Si no hay amor, qué razón hay para nada, se pregunta Everet, el personaje Romeo de Paterson. Y tiene razón. Qué razón hay. Ya decía Lennon, y lo sigue cantando McCartney, que todo lo que necesitas es amor. Quizá el paraíso se reduzca a, o simplemente se agrande, cuando haces el amor cada día. 

Jim Jarmusch ha dibujado una semana en Nueva Jersey extrapolable a cualquier otra en cualquier otro sitio, así de universales y de válidas son sus misteriosas historias. 

Es posible, sí, que el sentido se vaya escapando mientras lo vas buscando; incluso que eleve el ritmo si lo persigues con mayor ahínco, como si siempre fuera a estar unos metros por delante de ti, y se riera, apretando el paso cuando tú haces lo mismo, y batiera a Bolt cuando tú, desesperado, esprintas para por fin agarrarlo.

Quizá, como hace Paterson, lo mejor, o lo menos doloroso, sea dejarlo fluir; mirarlo solo de reojo, saber -o pensar- que existe-, aunque -como a cualquiera de los dioses- no lo lleguemos a tocar nunca. Tener fe en él como tener fe en él, cuando lleva mayúscula. Un acto gratuito y consolador solo explicable desde sí mismo y circunscrito a uno mismo.
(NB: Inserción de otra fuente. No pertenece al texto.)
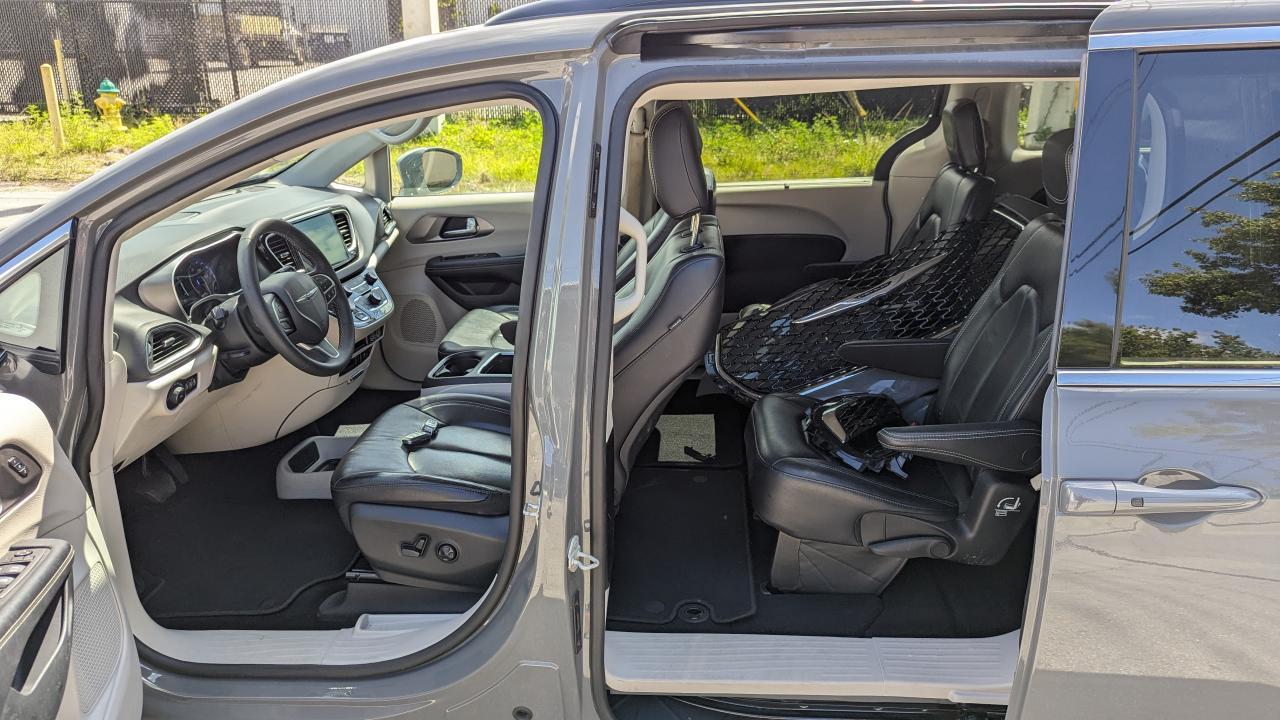 2022 CHRYSLER PACIFICA T - Image 6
“And somewhere between the time you arrive and the time you go/may lie a reason you were alive, but you´ll never know”. El denostado -¿para siempre?- Fernando Trueba creía en Billy Wilder. Yo, en Jackson Browne. Su For a dancer, que concluye con estos patersianos versos, es solo una de un número asombroso de razones por las que creer íntima y sosegadamente en él. A veces, solo él -con su deliciosa minúscula- le da sentido a la vida.